My husband forgot his lunch today. With a busy weekend on the road and a hectic early morning meeting to make, he walked right out without it. So I decided to drop it off at his office with a hot espresso to boot! #wifepoints.
Fortunately, we have an amazing coffee shop WITH A DRIVE THROUGH right down the road. It’s biking distance, so sometimes I take my Bianchi, but today we were heading to his office so we drove.
Nothing makes Monday morning easier than an extra shot of Italian espresso, am I right?
When my husband and I first visited Sicily, we had the honor of meeting my extended Sicilian relatives for the first time. They were warm, gracious, hospitable and just lovely.
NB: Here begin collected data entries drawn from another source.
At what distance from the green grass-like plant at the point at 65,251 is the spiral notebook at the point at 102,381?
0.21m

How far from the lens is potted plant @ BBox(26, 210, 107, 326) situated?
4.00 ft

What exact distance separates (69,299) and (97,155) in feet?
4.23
We actually stayed with them for a few days ahead of our booked Taormina hotel. Everyday, several times a day, while we stayed with them, my third cousin, Serafino, would make an espresso for my husband. He had never had one before and was fascinated with the process and the results.
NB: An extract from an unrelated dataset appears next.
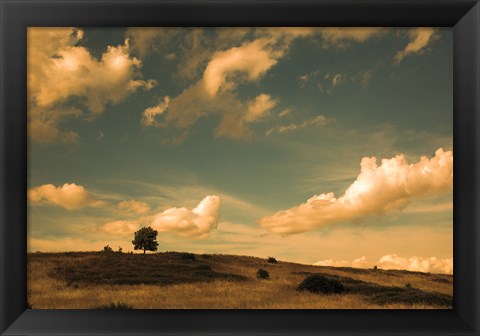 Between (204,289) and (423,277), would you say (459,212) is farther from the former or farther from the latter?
(204,289)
When it was time to leave their home and head to our hotel, my family gave us a few parting gifts to remember them by. They gave my husband a stove top espresso maker so he could create his new favorite drink back home.
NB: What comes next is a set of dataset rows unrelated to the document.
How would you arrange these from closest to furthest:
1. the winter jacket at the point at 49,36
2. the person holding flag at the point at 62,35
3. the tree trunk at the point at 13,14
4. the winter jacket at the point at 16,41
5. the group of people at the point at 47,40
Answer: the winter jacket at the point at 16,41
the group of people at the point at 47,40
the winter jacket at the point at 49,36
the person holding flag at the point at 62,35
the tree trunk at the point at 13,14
And he does, every morning. His espresso maker is so loved the bottom is burned a bit and the handle has fallen off. But it still makes a darn great cup of espresso and reminds us of our trip and of our beloved Serafino, so it holds a place of honor on our cooktop every day.
When I’m out and about and in the mood for an authentic cup of Italian coffee or, like today, I’m driving through on my way to meet up with the hubs, I always go to our Minuti.
Minuti is about as true-to-Italy as I can get in the suburbs and I’m so grateful to have one near our neighborhood. They pride themselves on being the only coffee shop in the U.S. that sells the Molinari brand of coffee which also happens to be organic and fair trade:
“Just as the old coffee houses, set up in Italy during the 19th century, such as the “Pedrocchi of Padua, the “Florian” of Venice and the “Caffè Greco” in Rome, became famous as meeting places for intellectuals and artists of the era as well as for political and patriotic ferment, also in Modena, a lively city in the Po Valley, the family set up the Bar Molinari in the Via Emilia in the heart of the city in 1911. It is interesting to note that Bar Molinari became known and passed into history with the more modern title of “bar”, abandoning the old 18th century title of “Cafè”
It’s a beautiful shop with industrial-modern decor with that inviting coffee aroma that welcomes you when you walk through the doors. I’m always so impressed with how upbeat and helpful the staff are and I often buy my Molinari in big bags so I can make it myself at home.
These days everyone has their own favorite coffee jaunts and preferences. If you havn’t found yours yet or you’re tiring of your choice, go Minuti and I dare you not to fall in love with the well-made coffee and inspiring atmosphere. I always love getting outside of my suburban comfort zone and trying new things, but it’s also so great when those new things happen to pop up in my area!